Two Harbors Investment Corp reported a comprehensive loss during the past quarter, primarily driven by a litigation settlement expense of around USD 175.1 million. Despite this, the company achieved a 7.6% quarterly economic return on book value after excluding litigation charges. Two Harbors expanded its subservicing business by selling USD 30 billion in unpaid principal balance (UPB) of mortgage servicing rights (MSR) on a retained basis and recorded steady growth in its direct-to-consumer originations platform. Analysts maintained a generally positive outlook on the stock.
Two Harbors Investment Corp registered a comprehensive loss in the past quarter, largely attributed to a USD 175.1 million litigation settlement expense. However, excluding this one-time cost, the firm delivered a 7.6% quarterly economic return on book value, underscoring its underlying operational strength. The company further expanded its subservicing business, executing the sale of USD 30 billion in UPB of MSR while retaining servicing rights. Its MSR portfolio demonstrated stability, with only a marginal increase in delinquency rates and conditional prepayment rates (CPR).
In addition, Two Harbors reported significant progress in its direct-to-consumer originations platform, which showed robust growth during the period. The company indicated expectations of continued attractive returns from low-rate MSR investments when paired with Agency residential mortgage-backed securities (RMBS). Management also expressed optimism regarding reduced interest rate and spread volatility in the coming quarters, suggesting an improved market environment for MSR and RMBS opportunities.

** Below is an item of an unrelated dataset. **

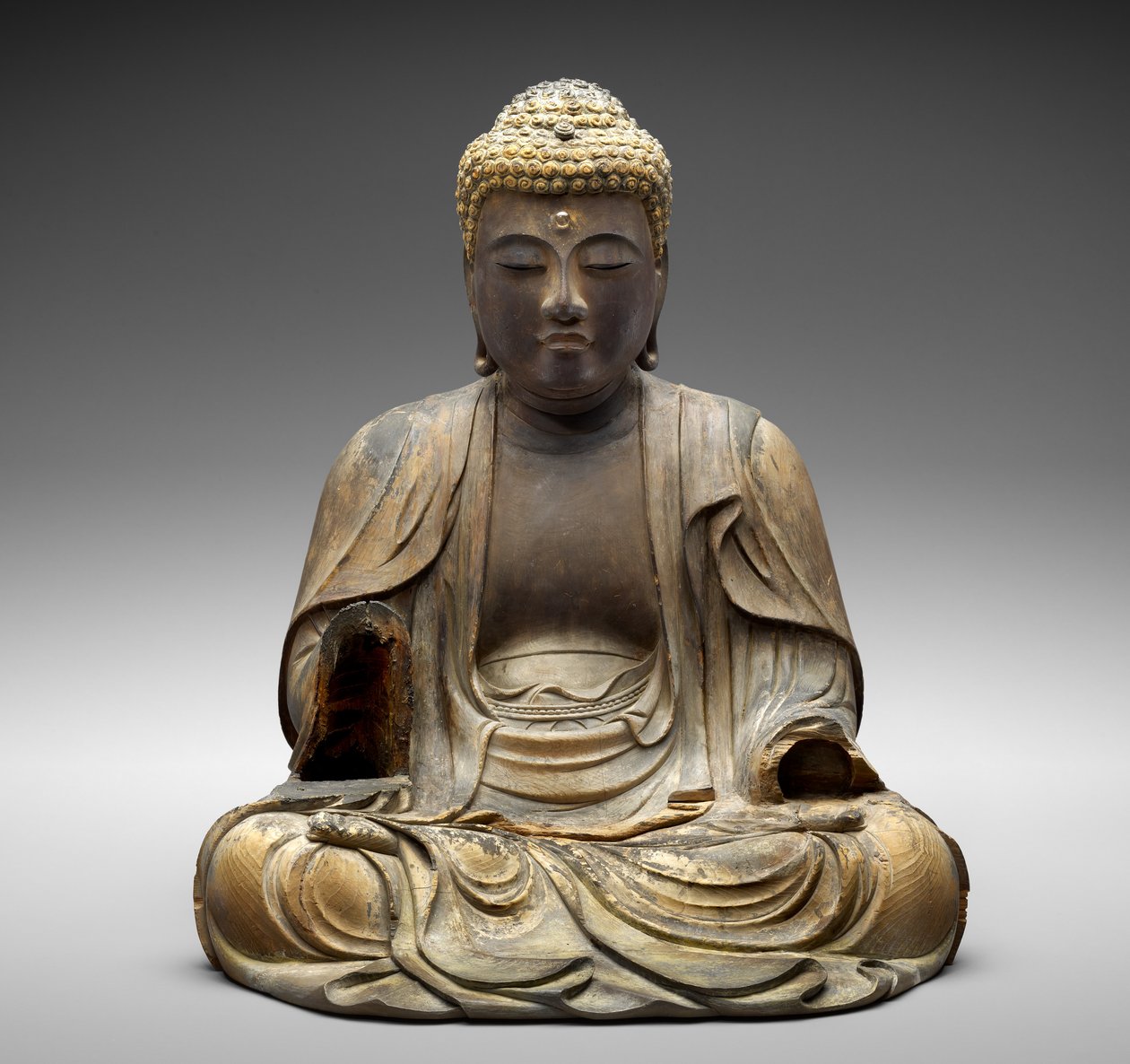 阿米达，1472年（多彩木材） 作者 小荣fl.1472小荣fl.1472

According to analyst coverage, the shares currently carry an average "buy" rating, with four analysts recommending a "strong buy" or "buy", six suggesting "hold", and none advising a "sell". The median 12-month price target on Wall Street stood at USD 11.00, representing an upside of about 10.7% from the closing price of USD 9.82 recorded earlier this week. The stock was recently trading at seven times its projected next 12-month earnings, reflecting a stable valuation compared with the previous quarter.
Despite incurring substantial litigation-related expenses, Two Harbors Investment Corp maintained operational resilience through disciplined asset management and strategic expansion. Its emphasis on growing the subservicing and MSR segments, coupled with consistent direct-to-consumer platform growth, helped offset near-term challenges. With analysts maintaining a largely positive stance and the company expecting steadier market conditions, Two Harbors appears positioned to leverage future opportunities within the MSR and RMBS segments for sustainable returns.